Question

State Biot-Savart law, giving the mathematical expression for it.
Use this law to derive the expression for the magnetic field due to a circular coil carrying current at a point along its axis.

Answer 1

Hint: The Biot-Savart’s law relates the magnetic field produced by a current carrying element at a point with the magnitude of the current, length of the element, and the distance of the point from the element. Considering an element of a circular coil, we can write the magnetic field produced by it at the given point and integrate it to get the total magnetic field.

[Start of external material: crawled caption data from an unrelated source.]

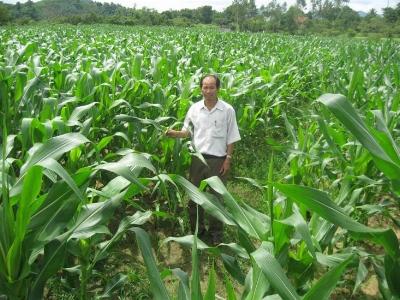 Chuyển đổi trồng ngô trên đất lúa thiếu nước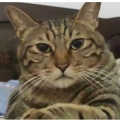 猫爪打键盘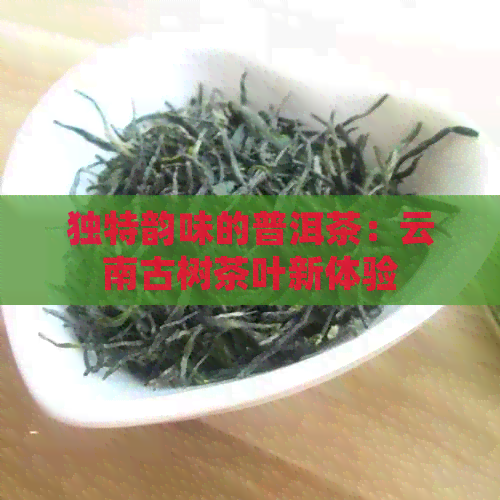 独特韵味的普洱茶：云南古树茶叶新体验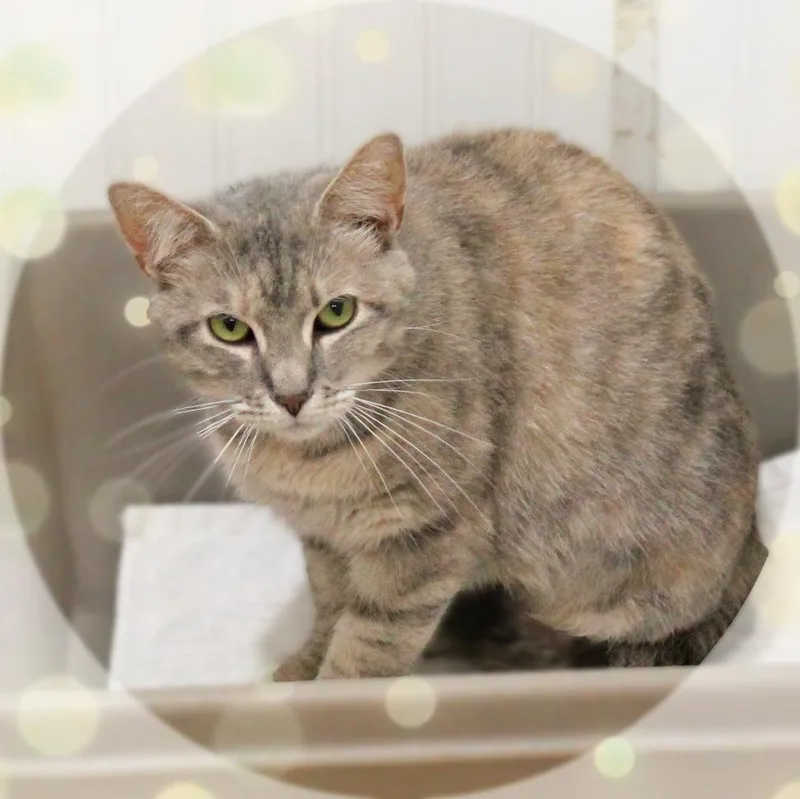An adult medium-sized female Dilute Tortoiseshell cat named Mella for adoption in Amelia, OH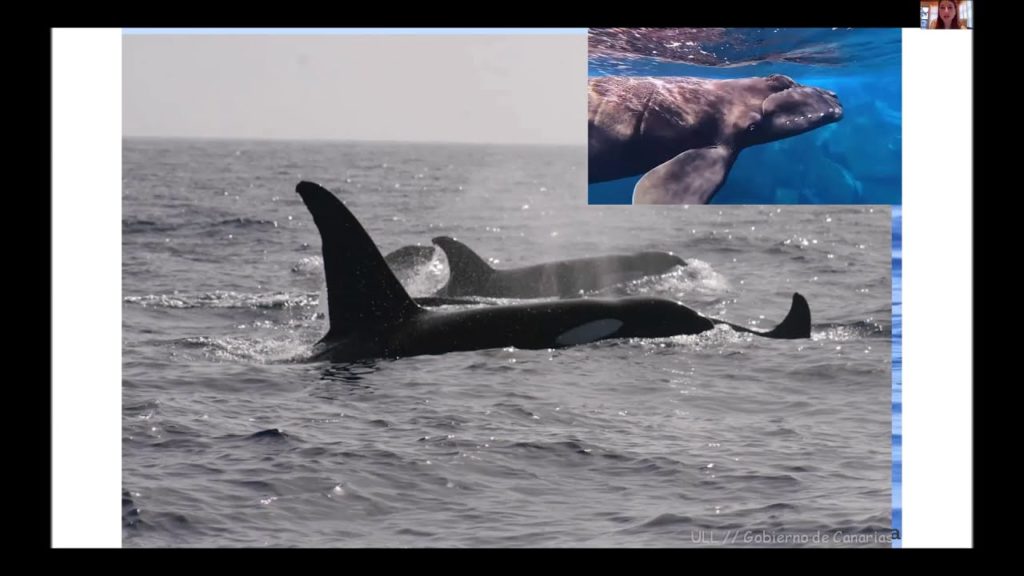 BELEN GARCIA:UNA MISIÓN POR LOS OCEANOS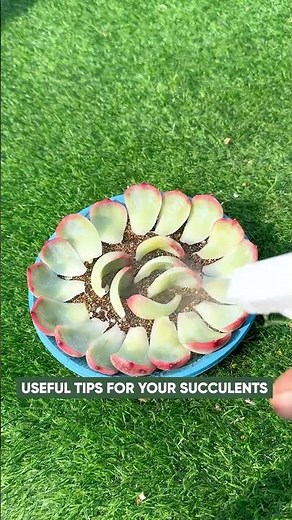 Beginner's Succulent Care: Propagate Succulent Plants from Leaves | 다육이 | 多肉植物
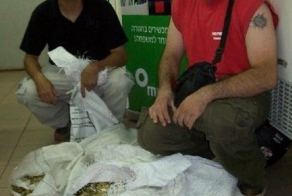 Угадайте - что происходит? (9 фото)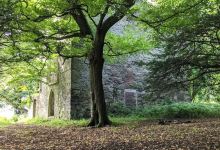 Kilmahew Castle景点图片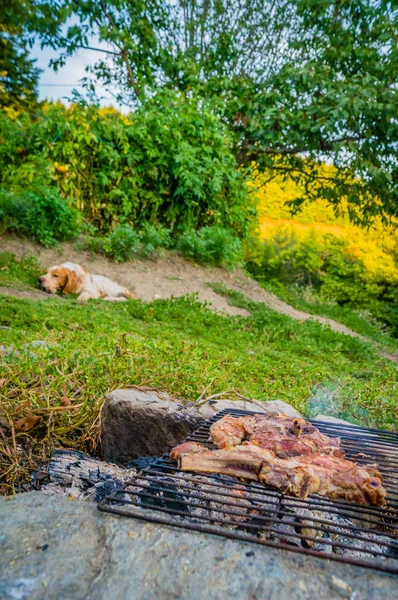 Собака Ждет Мяса Барбекю Закончить Приготовления Пищи — стоковое фото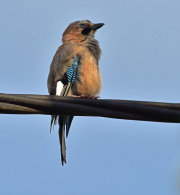 Eurasian Jay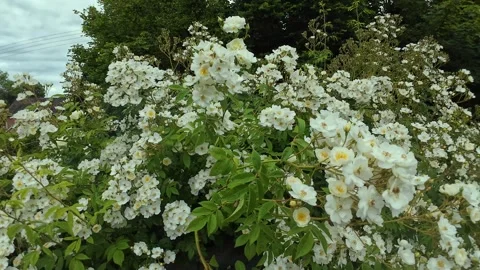 Dense White Climbing Rose “Rambling Rector”Bush Along Wooden Garden Fence 库存影片 341517500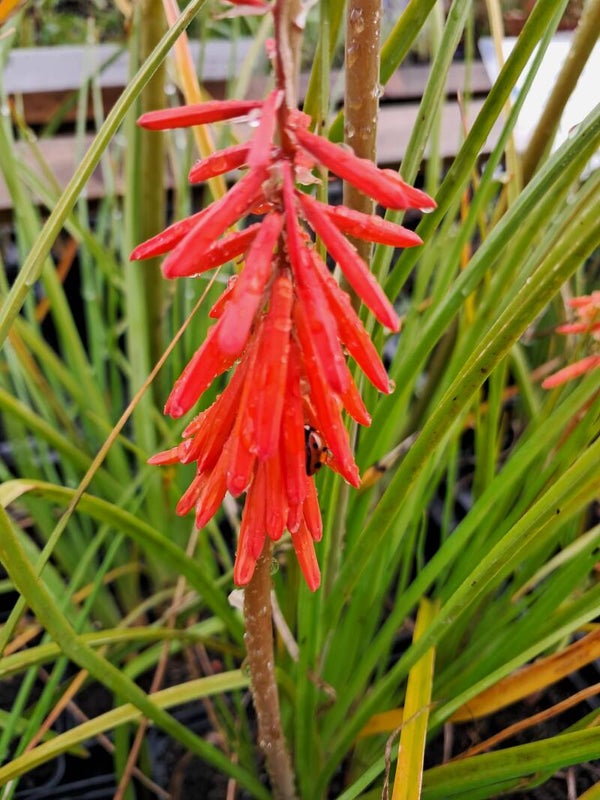 Kniphofia 'Nancy Red'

Complete step-by-step solution:
Let there be a conductor carrying a current of $I$. Consider an infinitesimal length $dl$ of this conductor. The magnetic field due to this small element at the point P located at a distance of $r$ from it is to be obtained. According to the Biot-Savart law, the magnetic field is proportional to the length $dl$, the current $I$ and inversely proportional to the square of the distance of the point $r$ from the element. Also, its direction is perpendicular to the plane formed by $dl$ and $r$. So in vector form, the above proportionality can be expressed as
$d\vec B \propto \dfrac{{Id\vec l \times \overset{\lower0.5em\hbox{$\smash{\scriptscriptstyle\frown}$}}{r} }}{{{r^2}}}$
$ \Rightarrow d\vec B = \dfrac{{{\mu _0}}}{{4\pi }}\dfrac{{Id\vec l \times \overset{\lower0.5em\hbox{$\smash{\scriptscriptstyle\frown}$}}{r} }}{{{r^2}}}$
Here $\dfrac{{{\mu _0}}}{{4\pi }}$is the proportionality constant.
Let us consider a circular coil of radius $R$ carrying a current $I$, in the y-z plane. We consider a point P at a distance $x$ from the centre of the coil along the x-axis.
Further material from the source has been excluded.